Here you will find ideas and code straight from the Software Development Team at Sport Ngin. Our focus is on building great software products for the world of youth and amateur sports. We are fortunate to be able to combine our love of sports with our passion for writing code.
The Sport Ngin application originated in 2006 as a single Ruby on Rails 1.2 application. Today the Sport Ngin Platform is composed of more than 20 applications built on Rails and Node.js, forming a service oriented architecture that is poised to scale for the future.
Having recently joined Sport Ngin as an Automation Engineer, I was tasked with choosing a strategy to execute an Automation Regression Suite. We need to be able to perform a large suite of Automated UI Regression Tests in a way that avoids disrupting development workflow without sacrificing the value it provides. Thankfully there are tools that aim to balance usefulness and unobtrusiveness. In my experience, the slower these tests take to run, the less likely it is for developers to run them as necessary. I've become more frustrated by debugging issues simply because the time it takes to get to the critical part. It also becomes harder to debug when a test doesn't behave the same way locally as it does when executing. We all know the it works on my machine syndrome. When all of this is happening, it becomes easy for an Automation effort to fail. I've created a handful of Automation Frameworks in the past and have run them on a local server farm as well as in Sauce Labs and in BrowserStack. I need to find a balance that is right for Sport Ngin.
If you aren't interested in the exact details, a 'tldr' is posted.
I wanted to look at running tests on our own infrastructure and compare it to paying for a SaaS service. These four tools are all created or designed in order to test on multiple browsers and operating systems in different ways.
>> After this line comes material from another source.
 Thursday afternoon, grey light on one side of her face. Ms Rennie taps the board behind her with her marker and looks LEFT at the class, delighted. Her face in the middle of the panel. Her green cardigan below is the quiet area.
The goal was to keep everything as simple as possible. We are a Ruby house so I wrote my framework and tests in Ruby. It's intentionally a very simple framework including Selenium and RSpec (a testing tool for the Ruby programming language with BDD as a core ideal). There was no need for a Rakefile, just a spec_helper and the specs (tests). The spec_helper starts the drivers, depending on the strategy, and creates a logger before each test, it also quits the driver after each test. This is done utilizing RSpec's
before :all and
after :all configurations. In JUnit, the equivalent would be
@After. I wrote one test and copied it for 10 identical tests in the regression suite. The 10 tests were split into 2 groups of 5 using RSpec tags. This was done in order to see how to truly take advantage of running tests in parallel.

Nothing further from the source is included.